__EXERCISE GOAL__. The task requires repeating, word for word, the lines from the one with "1.6 Cu.ft Mini" through the end of the material, leaving out all pictures.

__SUPPLIED INFORMATION__.
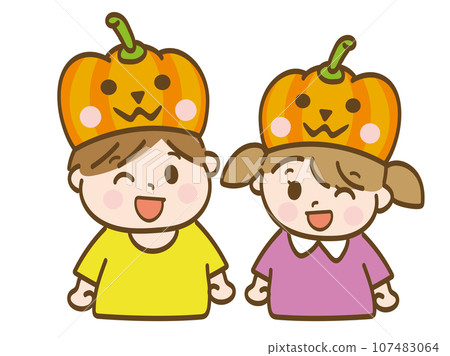 Boys and girls wearing Halloween pumpkin hats_Early elementary school students_Toddlers 107483064
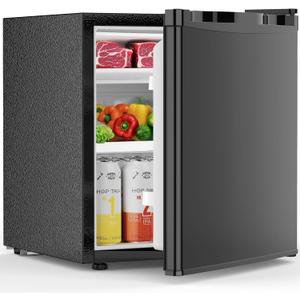 1.6 Cu.ft Mini Fridge with Freezer, Compact Single Reversible Door Refrigerator, Adjustable Thermostat, Ultra Quiet, Energy Efficient for Office, Dorm, Bedroom, Apartment -Black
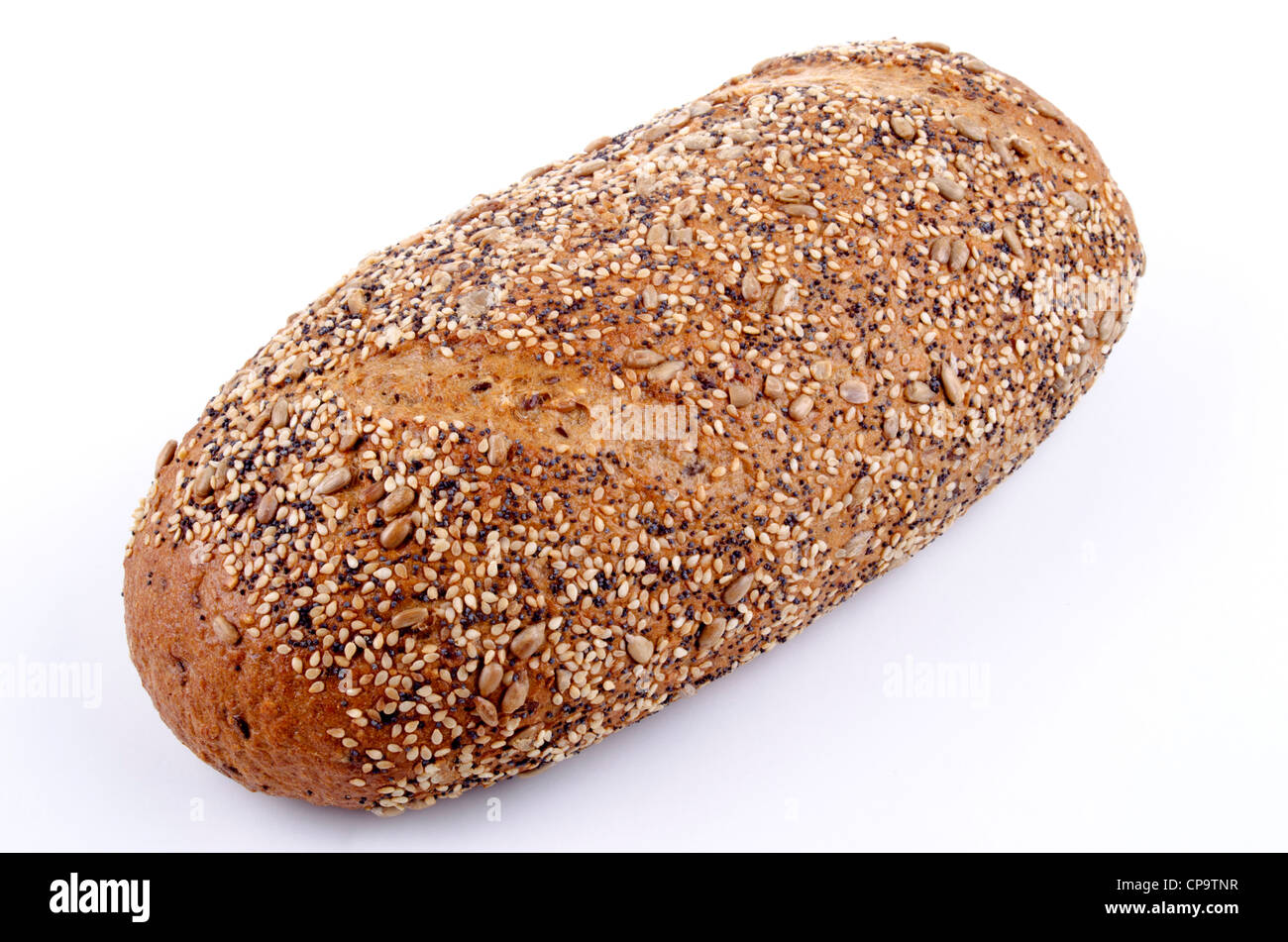 home made multigrain bread and a bright background Stock Photo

__WRITTEN SOLUTION__.
 1.6 Cu.ft Mini Fridge with Freezer, Compact Single Reversible Door Refrigerator, Adjustable Thermostat, Ultra Quiet, Energy Efficient for Office, Dorm, Bedroom, Apartment -Black
 home made multigrain bread and a bright background Stock Photo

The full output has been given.